Before your next cold start take a voltage reading at the battery.

If it is below 12.8v you have a draw or a bad battery.

A good battery should settle at 12.8v

If it is either of these the longer it sits the lower the voltage will be so measure it a few times over a few days if possible.

Go back and test your running voltages again, it sounds like you are not charging well at low RPM's this could point to a bad regulator, now a bad regulator can also be a draw on the system when the motor is not running.

Also try to measure any AC voltage at the battery with the motor running, this will also point to a bad reg & any AC voltage will shorten the life of a battery.


----------



## FredM (Nov 18, 2015)

Goody_75 said:


> I tried a parasitic draw test. Removed negative battery cable and used my meter from negative battery terminal to negative battery cable. I didn't show any readings with key off or with key on and headlights on. The headlights didn't light up either. Shouldn't the meter complete the circuit with key on, headlights on, and meter connected?


Why would you have the lights turned on when doing a parasitic drawdown test, there shouldn't be that many places on the mower that would cause drawdown when the ignition switch is in the off position, the only place that I would think a drawdown would occur would be the stator windings or voltage regulator and I cannot confirm this because I cannot find a wiring schematic for your mower, you could pull the main fuse when not in use.


----------



## Busted Tractor (May 22, 2018)

If the engine is a single cylinder Briggs & Stratton have you checked for proper operation of the compression release. With the valves adjusted correctly with the valve cover off watch the valves when the engine is turned over by hand.. You should have a slight opening of the bottom valve as the piston comes up on compression. Briggs singles have a compression release that often fails especially on older engines. If it is the engine you have indicated the bottom valve is the intake. The only way to repair this is to replace the camshaft.


----------



## John Liebermann (Sep 17, 2018)

Goody_75 said:


> I've been struggling with my 2013 Simplicity Regent for about a year now. Started with a weak cold start. Things I've done so far are adjusted valves, replaced battery, replaced starter, checked starter solenoid, replaced voltage regulator (I got around 8 volts DC going to battery with old and new, shouldn't I get ~14 volts?), checked alternator (I get ~38 amps going to voltage regulator). When I do get it started it runs great and will start easily when it's warmed up. Any ideas on what else I should check?
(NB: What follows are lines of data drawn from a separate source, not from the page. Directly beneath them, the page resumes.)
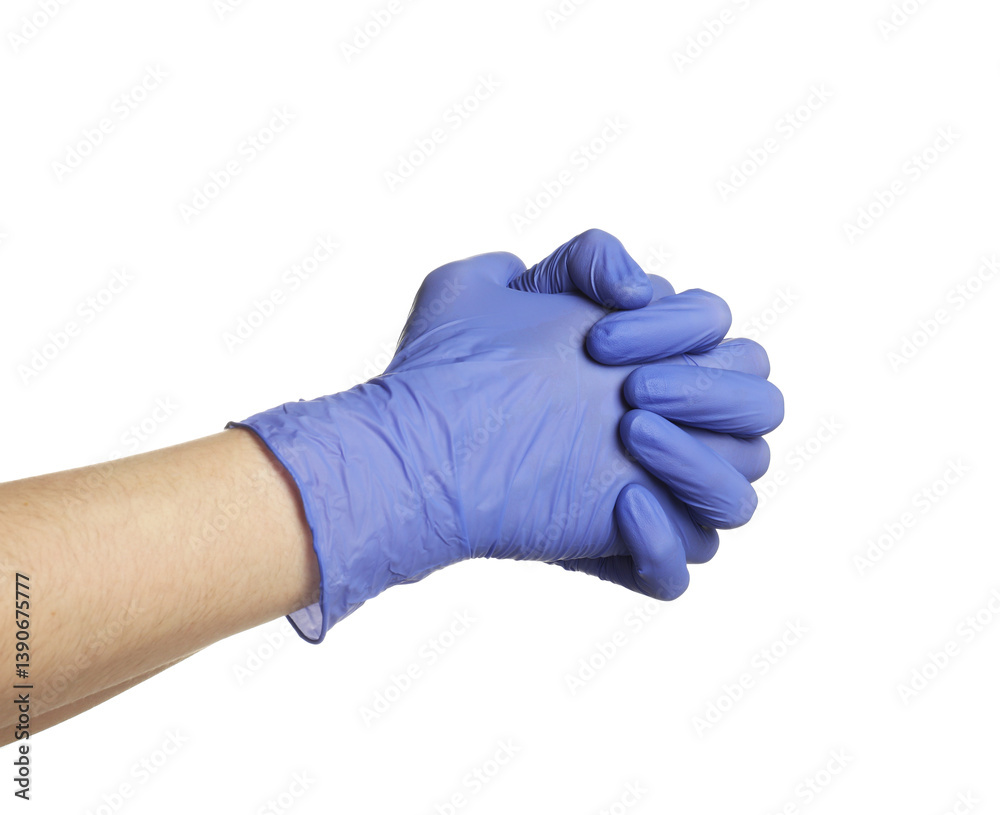 Doctor in medical gloves on white background, closeup Doctor in medical gloves on white background, closeup
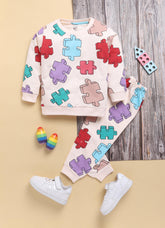 Toonyport Boys' Cute Puzzle Printed Comfy Sweatshirt with Jogger Set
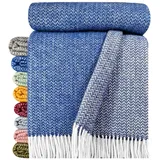 STTS Wolldecke "TIROL K" 100 % Wolle, 140 x 200 cm, in versch. Farben, STTS blau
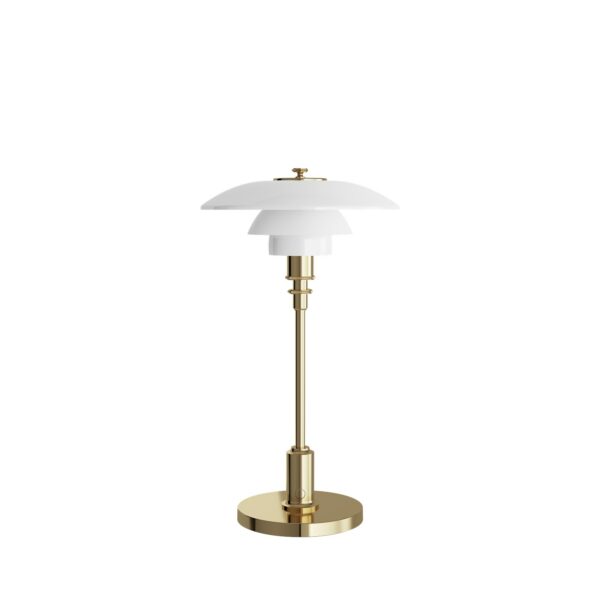 Exklusive Nobel Akku Tischlampe Messing poliert 2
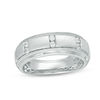 Thumbnail Image 1 of 0.15 CT. T.W. Diamond Three Station Vintage-Style Wedding Band in 10K White Gold - Size 10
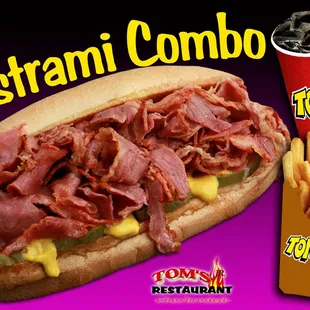 Pastrami sandwich on French Roll with mustard and pickles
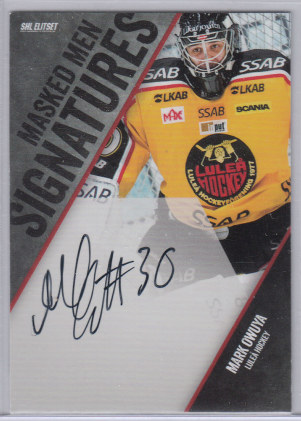 2014-15 SHL s.1 Masked Men Signatures #4 Mark Owuya Luleå Hockey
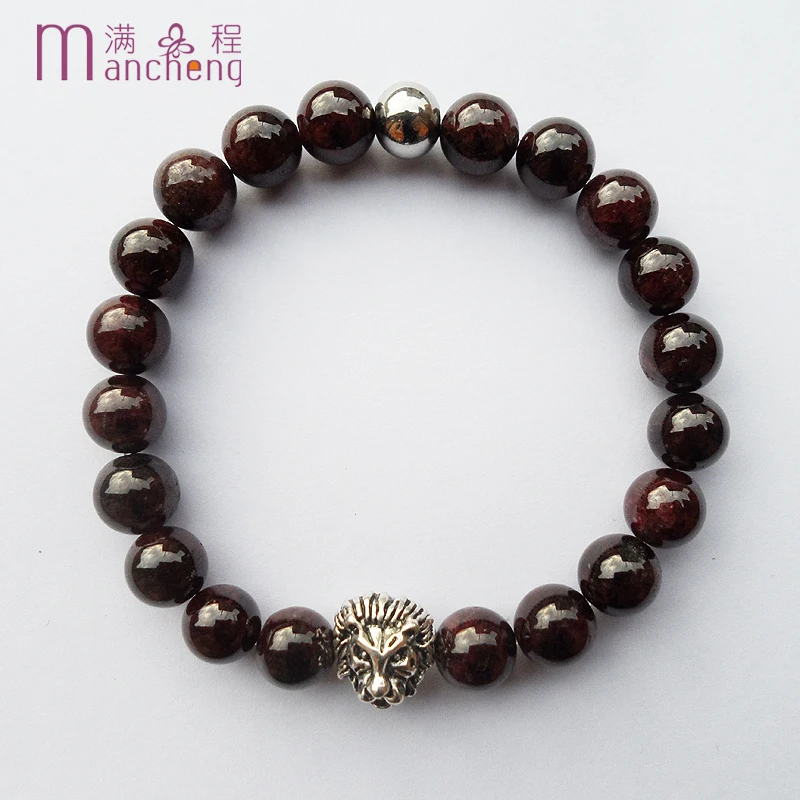 Модный (5A) 8 мм круглый красный натуральный гранат шар из нержавеющей стали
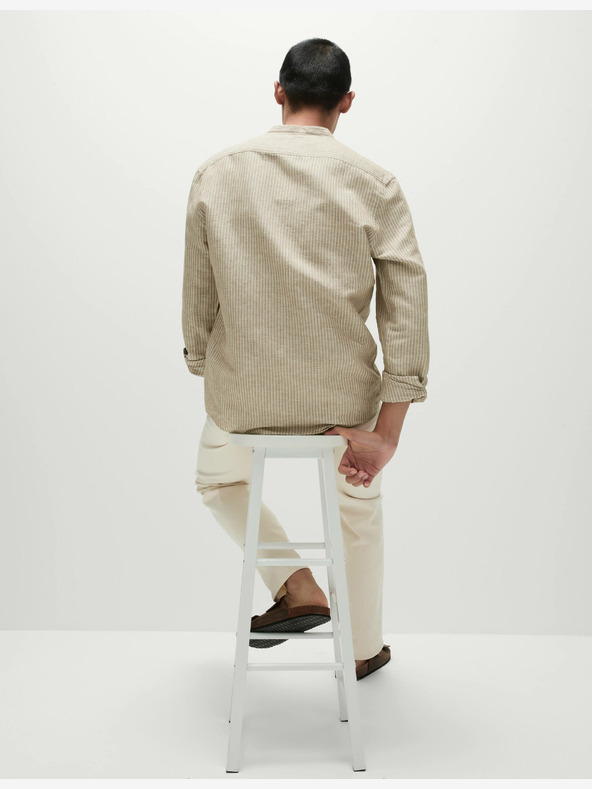 Marks & Spencer Visoka lanena prugasta košulja bez ovratnika Marks & Spencer u bež boji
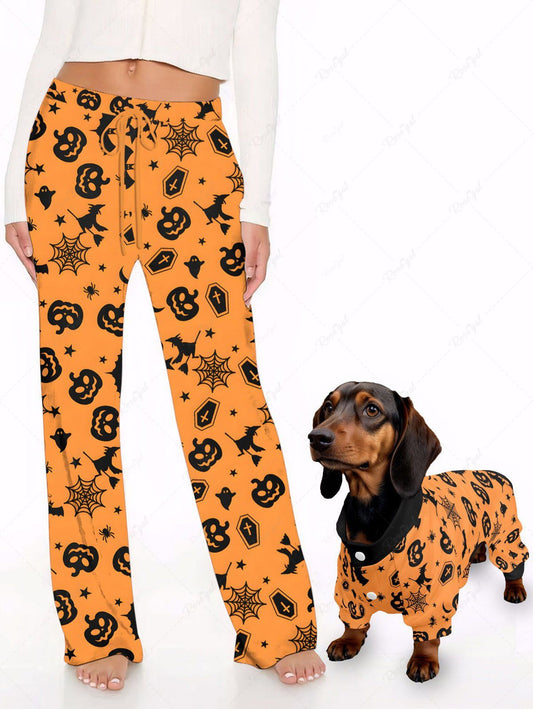 Pumpkin Bat Spider Web Printed Halloween Pajama Pants Dog And Owner Matching Outfits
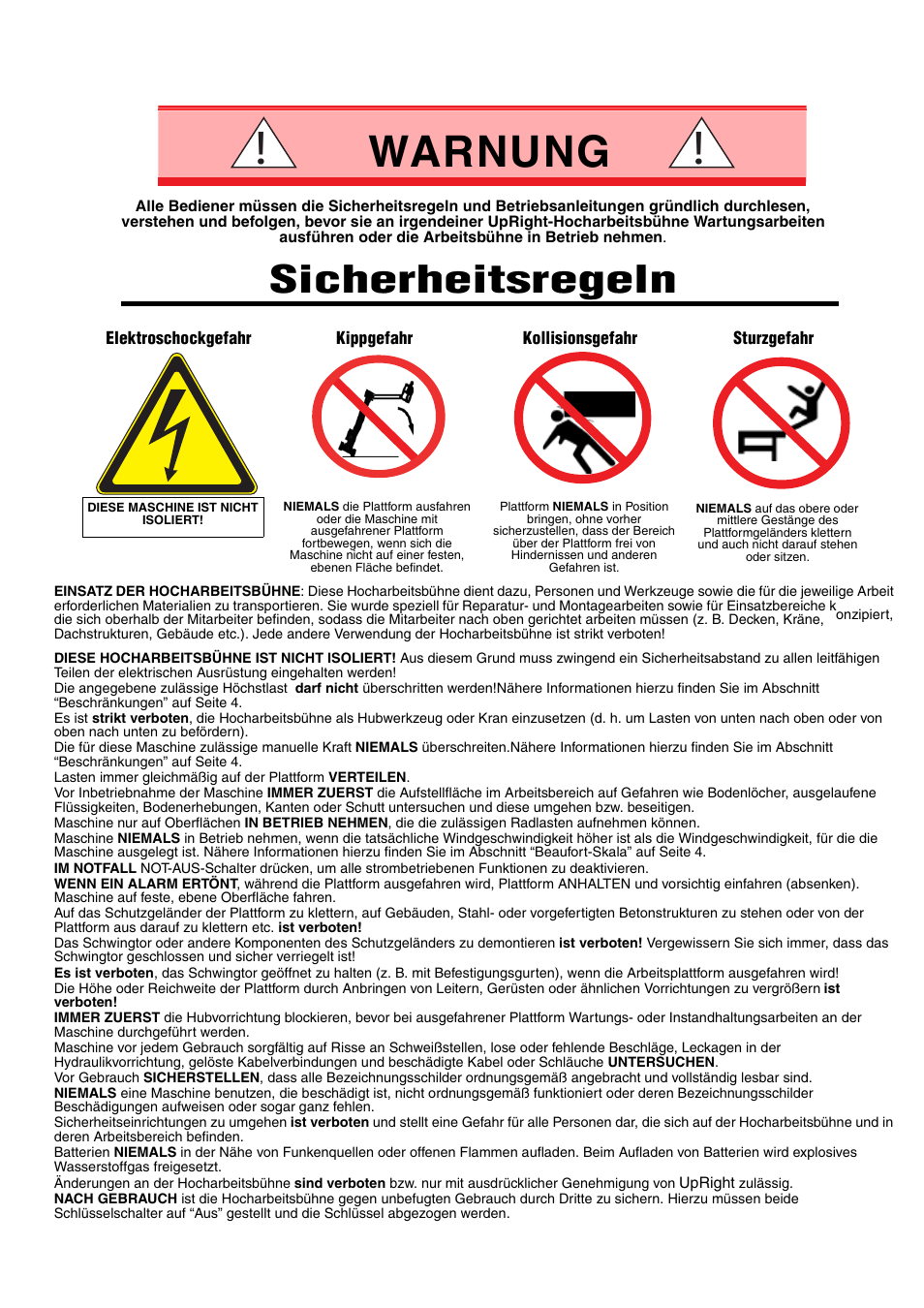 Warnung, Sicherheitsregeln | Snorkel TL37-sn7000+V-2 User Manual | Page 39 / 174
What is a weak cold start? Does the engine not crank correctly or does it crank but just not start.


----------



## Bob Driver (Nov 1, 2017)

Busted Tractor said:


> If the engine is a single cylinder Briggs & Stratton have you checked for proper operation of the compression release. With the valves adjusted correctly with the valve cover off watch the valves when the engine is turned over by hand.. You should have a slight opening of the bottom valve as the piston comes up on compression. Briggs singles have a compression release that often fails especially on older engines. If it is the engine you have indicated the bottom valve is the intake. The only way to repair this is to replace the camshaft.


On most small engines (especially Briggs), the easiest way to ID the intake valve is that it is an aluminum push rod. That's why it's most often the intake valve that gets out of adjustment on a Briggs. A lot of commercial lawn guys (150-200 hours per month) replace the aluminum push rods with steel (they are exactly the same it accept for the metal) to avoid so many valve adjustments over the mowing season and lower the chance of bending an aluminum push rod that is out of adjustment.


----------